━━━ Given entries ━━━

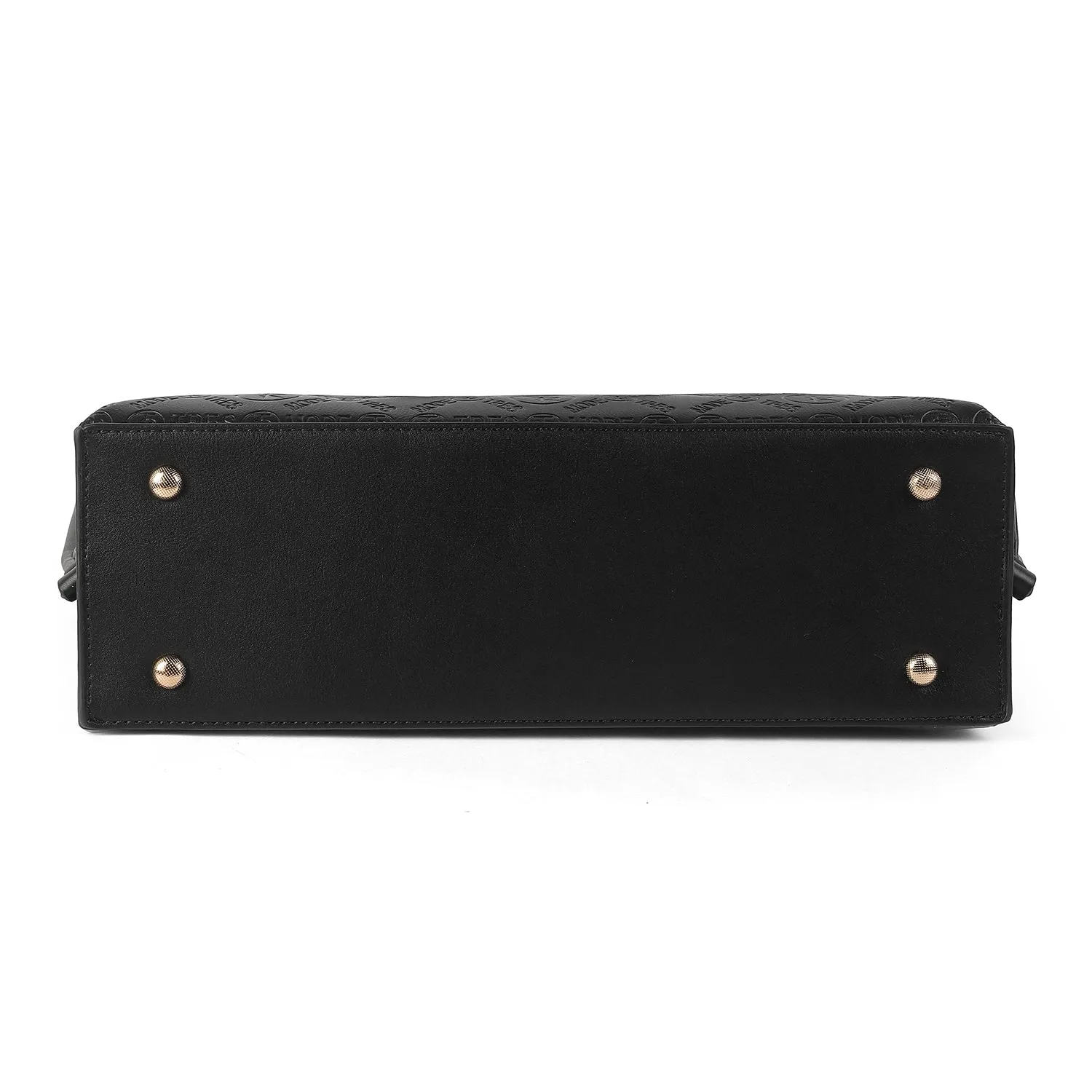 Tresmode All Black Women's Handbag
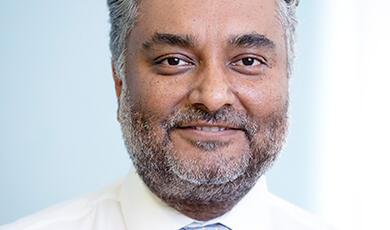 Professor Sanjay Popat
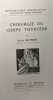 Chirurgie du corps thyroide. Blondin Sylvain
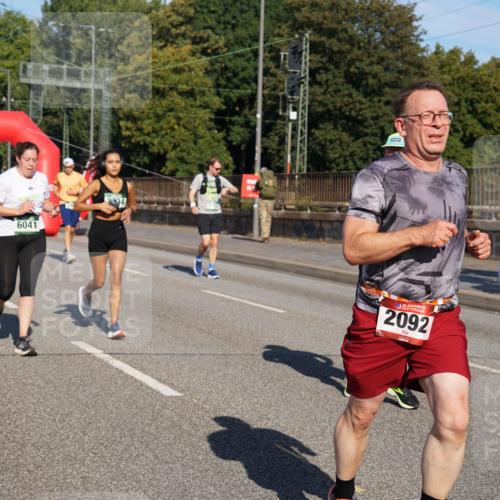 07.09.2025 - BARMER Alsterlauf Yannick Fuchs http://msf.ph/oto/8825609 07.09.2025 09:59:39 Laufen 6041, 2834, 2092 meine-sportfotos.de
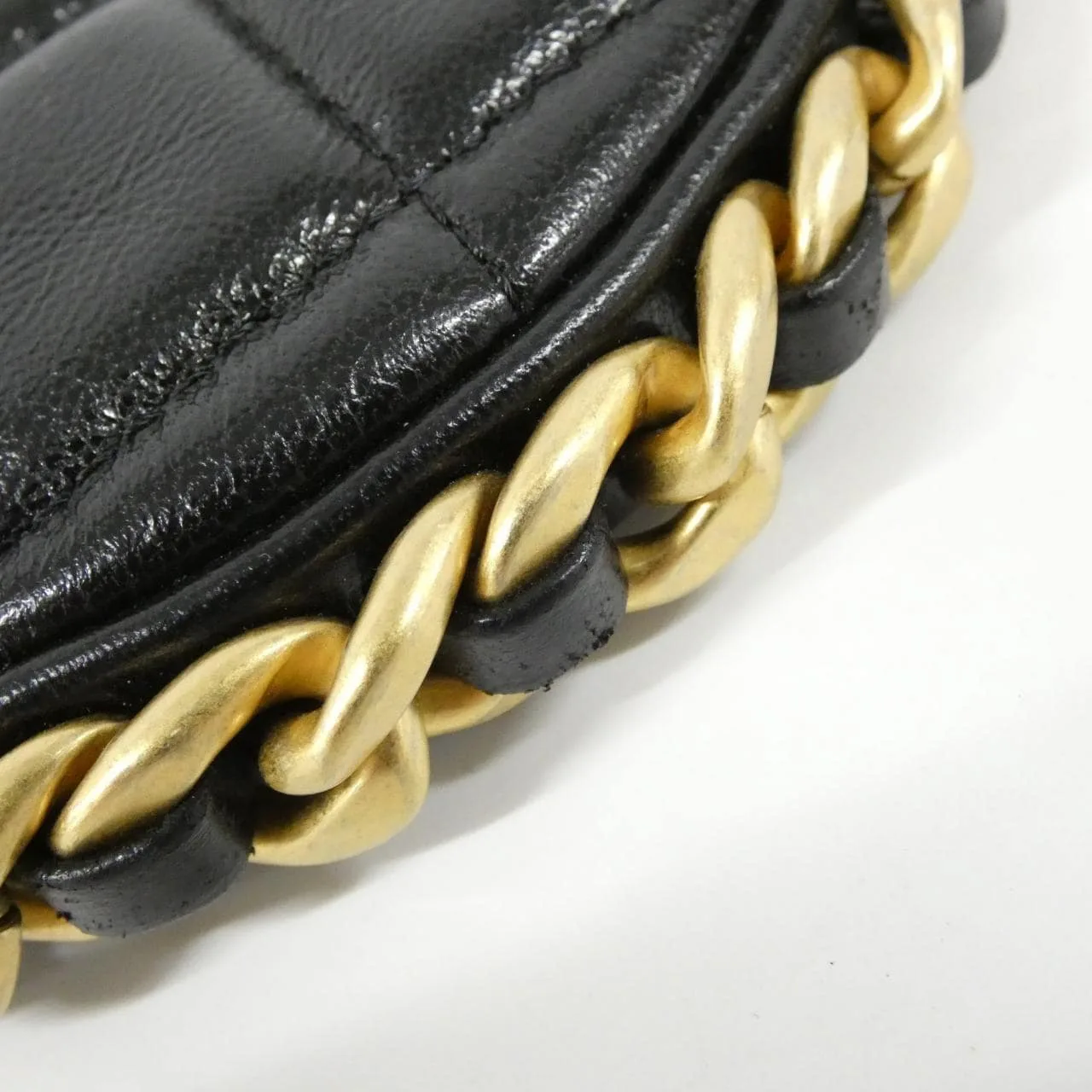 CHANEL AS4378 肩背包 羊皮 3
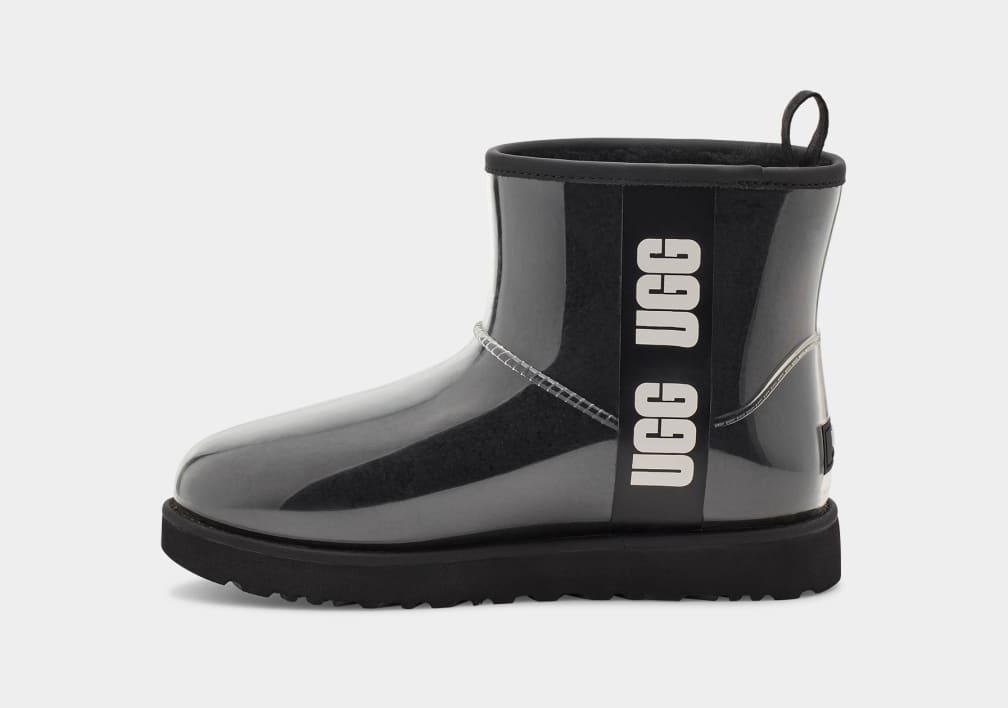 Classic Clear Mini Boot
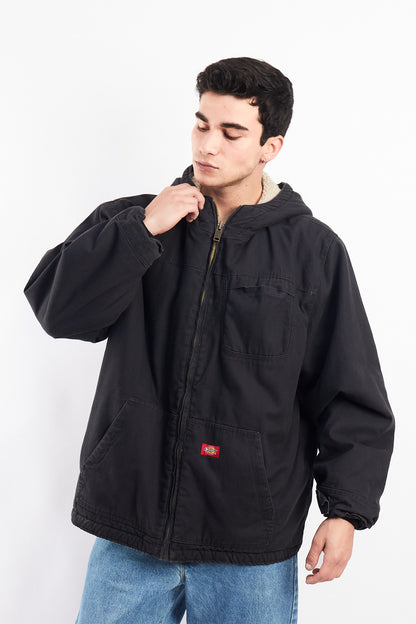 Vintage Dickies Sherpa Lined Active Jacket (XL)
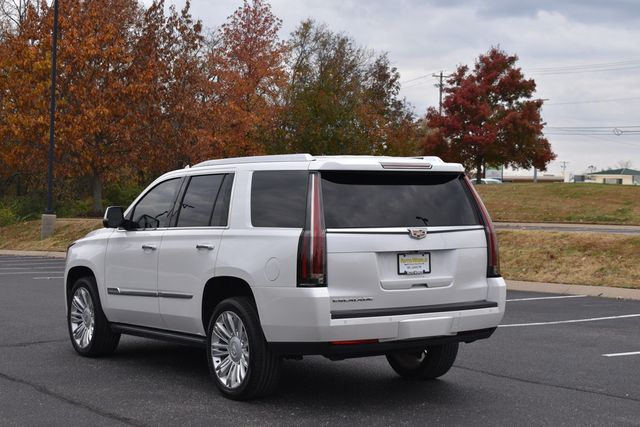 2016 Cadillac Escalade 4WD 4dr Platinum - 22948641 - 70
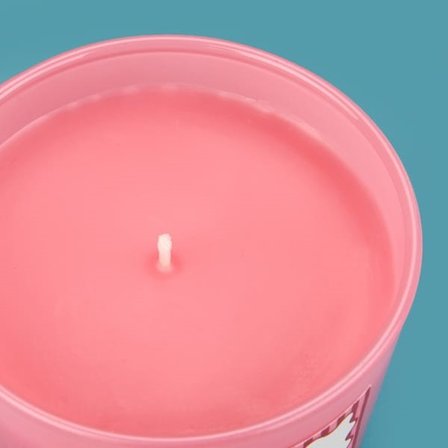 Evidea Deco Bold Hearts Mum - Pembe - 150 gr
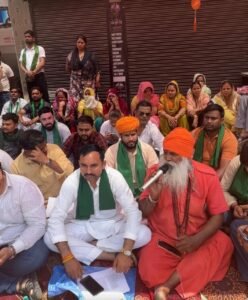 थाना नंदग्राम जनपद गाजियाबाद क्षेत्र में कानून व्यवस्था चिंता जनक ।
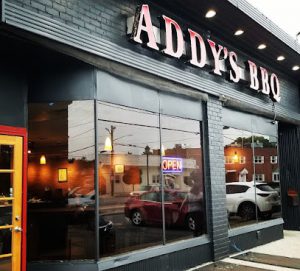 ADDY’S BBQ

━━━

#### [Exercise goal]
Without including any pictures, repeat the records above exactly.

#### [Exercise solution]
 Tresmode All Black Women's Handbag
 Professor Sanjay Popat
 Chirurgie du corps thyroide. Blondin Sylvain
 07.09.2025 - BARMER Alsterlauf Yannick Fuchs http://msf.ph/oto/8825609 07.09.2025 09:59:39 Laufen 6041, 2834, 2092 meine-sportfotos.de
 CHANEL AS4378 肩背包 羊皮 3
 Classic Clear Mini Boot
 Vintage Dickies Sherpa Lined Active Jacket (XL)
 2016 Cadillac Escalade 4WD 4dr Platinum - 22948641 - 70
 Evidea Deco Bold Hearts Mum - Pembe - 150 gr
 थाना नंदग्राम जनपद गाजियाबाद क्षेत्र में कानून व्यवस्था चिंता जनक ।
 ADDY’S BBQ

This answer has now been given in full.